Epoxy: There are several products available that would work fine in the epoxy realm. I went with West Systems because many of the sources I found had positive experiences with their products, and I could order quickly through Amazon. Super Sap CLR from Entropy Resins is allegedly what Craig Calfee uses on his bikes. Their prices are reasonably competitive with West Systems. Since I used 2 qts of epoxy and 2 pts of hardener on my build (I would have liked to have 3qts available as a cushion), the price differential between the two products is neglible. West Systems can be purchased in smaller quantities, however. I had originally planned to do my tacking with Gorilla Glue, but when I saw how its volume expanded as it cured, I immediately abandoned that idea since the expansion would likely push poles out of alignment. I ended up using epoxy thickened with ordinary wheat flour to bond joints, and epoxy colored with ground coffee for wetting fibers (more on this later). UPDATE 12/1/2015: I used Raka's low viscosity epoxy system on the repairs discussed at the end of this instructable. Raka's product is a good deal cheaper than West Systems, but the odors are stronger, the epoxy more viscous and messy. In general, I prefer the West Systems product due to ease of use. The Raka product certainly gets the job done, though, and the price is right.
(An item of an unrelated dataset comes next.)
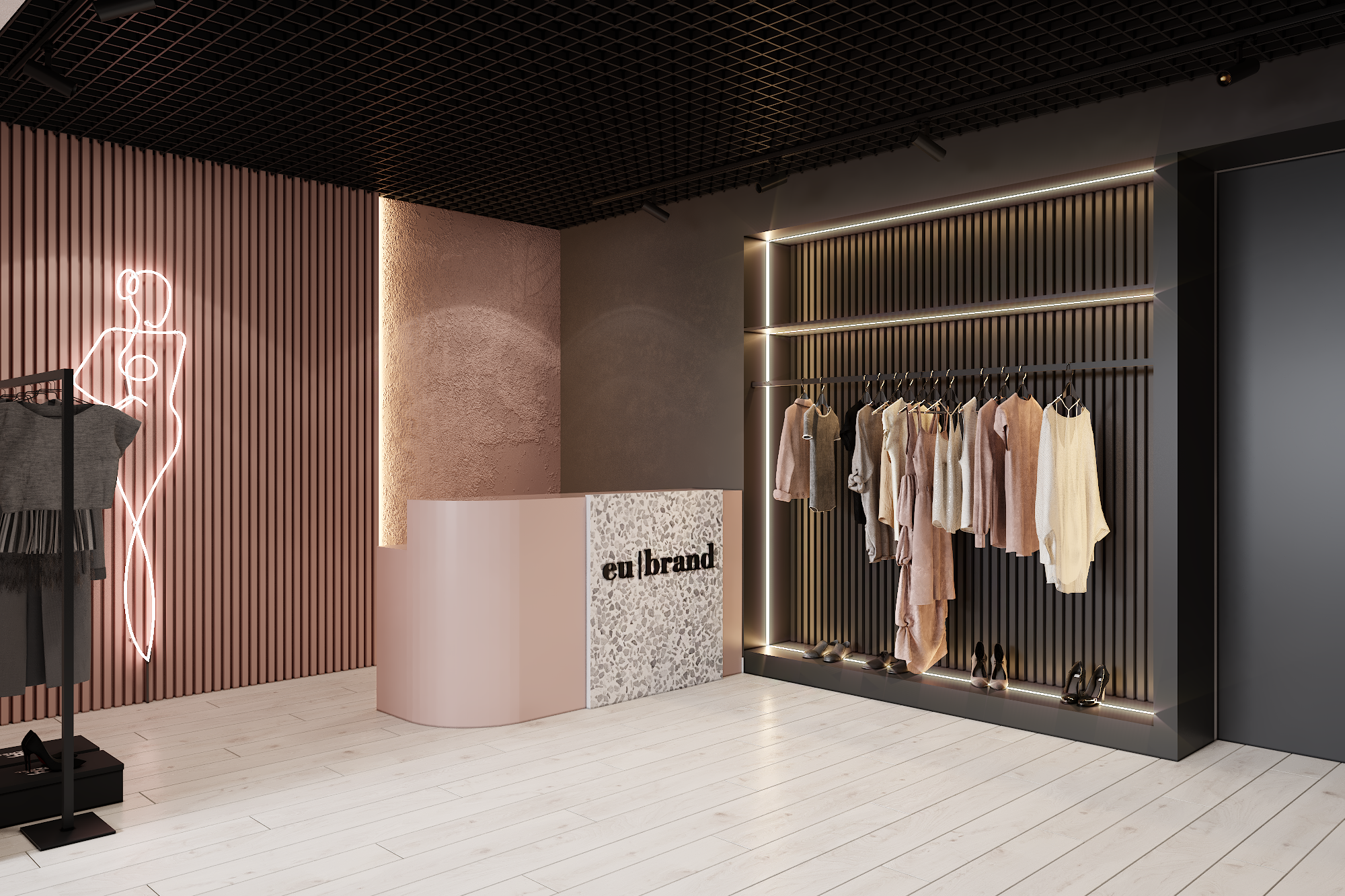 Сlothing store interior design 2020-6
Wrapping fibers: Bamboo bike frames are held together by joints made from epoxy-soaked fiber joint wrappings. You can use any fiber with reasonable tensile strength to make the joint wrap matrix. Many folks opt to use carbon fiber tow. Calfee and others use natural materials, such as hemp bast fibers. I researched my options exhaustively before finally just picking up a 50' roll of 3/8" Manilla rope (actually abaca fiber) from my local Home Depot. The thought of sanding away at carbon fiber in my house was very unappealing. I opted to skip hemp bast fibers because it seemed silly to hunt for a faraway source of a rare fiber when extremely strong abaca fiber rope could be purchased at any hardware store and cut to custom lengths. In retrospect, using a flat weave carbon fiber tow, maybe 3/8" wide or so, would have yielded more uniform joints that would have required far less sanding than my rope joints...which I didn't sand anyway. UPDATE 12/1/2015: I used 12K CF tow and 1" wide CF twill tape on repairs discussed later. The CF requires a lot more careful handling than the manila rope fibers. Using CF with the thicker Raka epoxy was a pain. If you decide to go with CF tow and tape, I would use the widest tow you can find (higher "K") and tape that is as wide as you manage. The strands of the weave and tow will try to come apart as soon as you start handling the material.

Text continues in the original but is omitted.